### INFORMATION SHOWN:
○ ○ ○ ○ ○

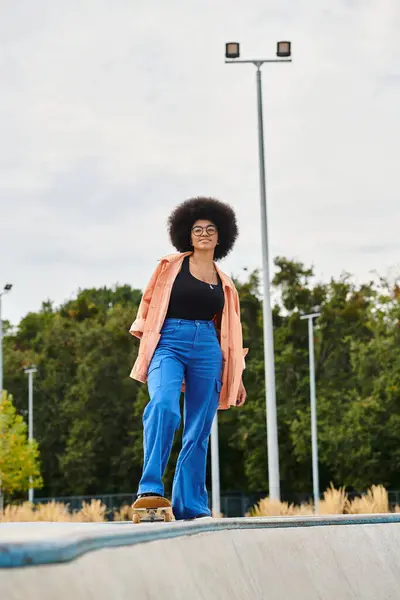 An African American woman with curly hair skateboarding on top of a ramp at an outdoor skate park. — Stock Photo
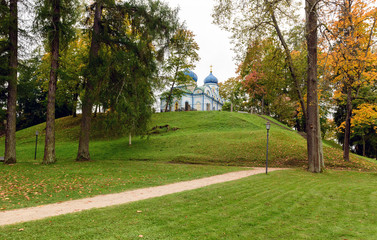 Fototapeta na wymiar Autumn park with orthodox church on a background in Cesis town, Latvia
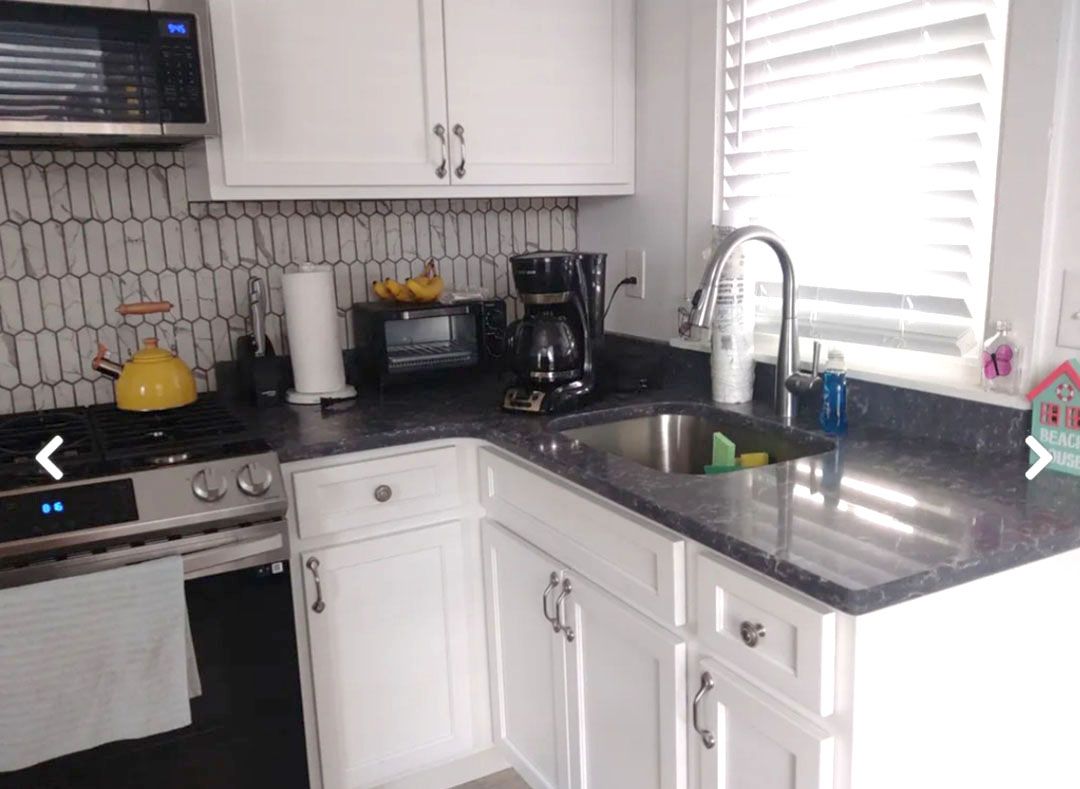 A kitchen with white cabinets, a sink, stove, and microwave.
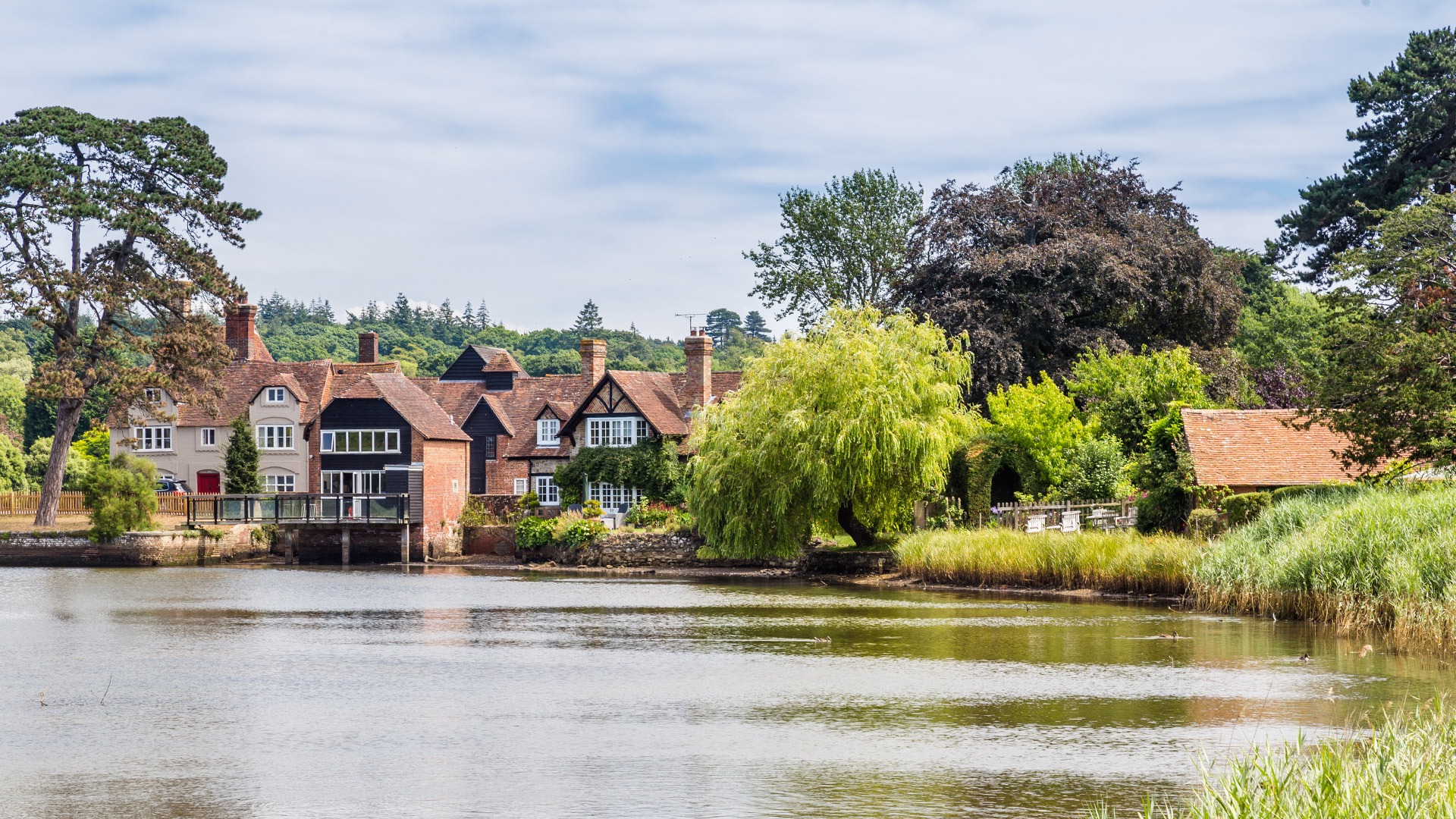 Riverside village houses with red-tiled roofs and chimneys, surrounded by trees and reeds along a calm river under cloudy sky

○ ○ ○ ○ ○

### TASK STATEMENT:
After removing the pictures, restate the whole listing above word for word.

### SOLUTION FOR THIS EXERCISE:
 An African American woman with curly hair skateboarding on top of a ramp at an outdoor skate park. — Stock Photo
 Fototapeta na wymiar Autumn park with orthodox church on a background in Cesis town, Latvia
 A kitchen with white cabinets, a sink, stove, and microwave.
 Riverside village houses with red-tiled roofs and chimneys, surrounded by trees and reeds along a calm river under cloudy sky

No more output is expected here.